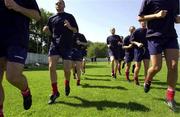 10 July 2000; Shelbourne players warm up during Shelbourne Squad training at  air Stadium in Skopje, Macedonia. Photo by David Maher/Sportsfile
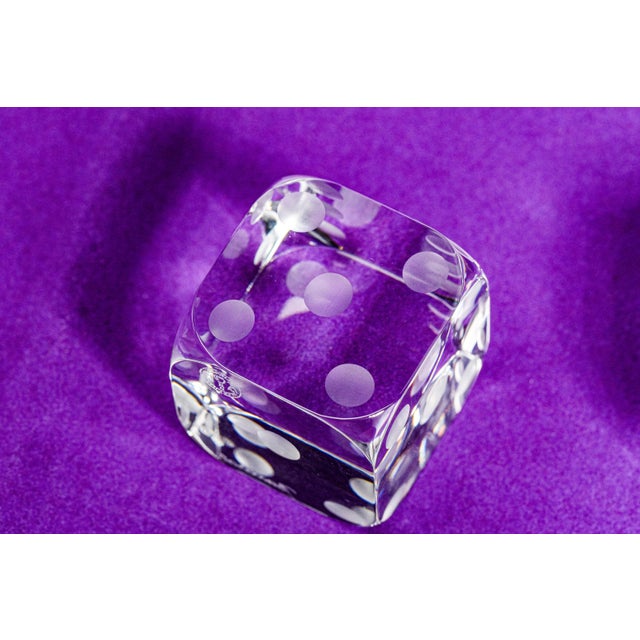 Pair of Large Decorative Vintage Baccarat Crystal Glass Dice Paperweight Display For Sale - Image 12 of 13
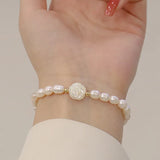 Baroque Freshwater Pearls Flower Shell Beaded Strand Bracelets for Women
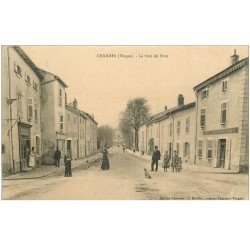 carte postale ancienne 88 CHARMES SUR MOSELLE. Le bout du Pont 1914 Café Restaurant et Boulangerie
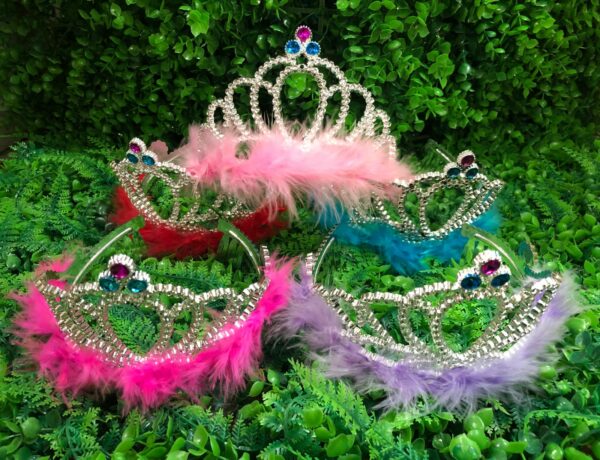 Corona Tiara c/plumas x12u colores surtidos ($0,45 c/u)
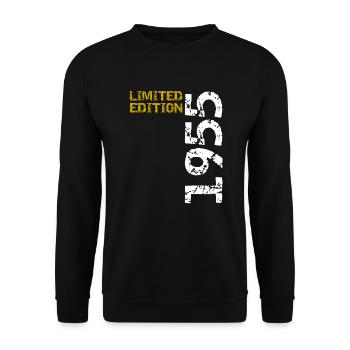 1955 Limited Edition Birthday Gift Wife Husband - Unisex Sweatshirt - black - Front - Alina (178cm) & Michal (187cm)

Exercise brief: Which lines run from the one containing "carte postale ancienne" through the last line of the entries above? Output them exactly, both ends included, with no pictures.

Written reply:
 carte postale ancienne 88 CHARMES SUR MOSELLE. Le bout du Pont 1914 Café Restaurant et Boulangerie
 Corona Tiara c/plumas x12u colores surtidos ($0,45 c/u)
 1955 Limited Edition Birthday Gift Wife Husband - Unisex Sweatshirt - black - Front - Alina (178cm) & Michal (187cm)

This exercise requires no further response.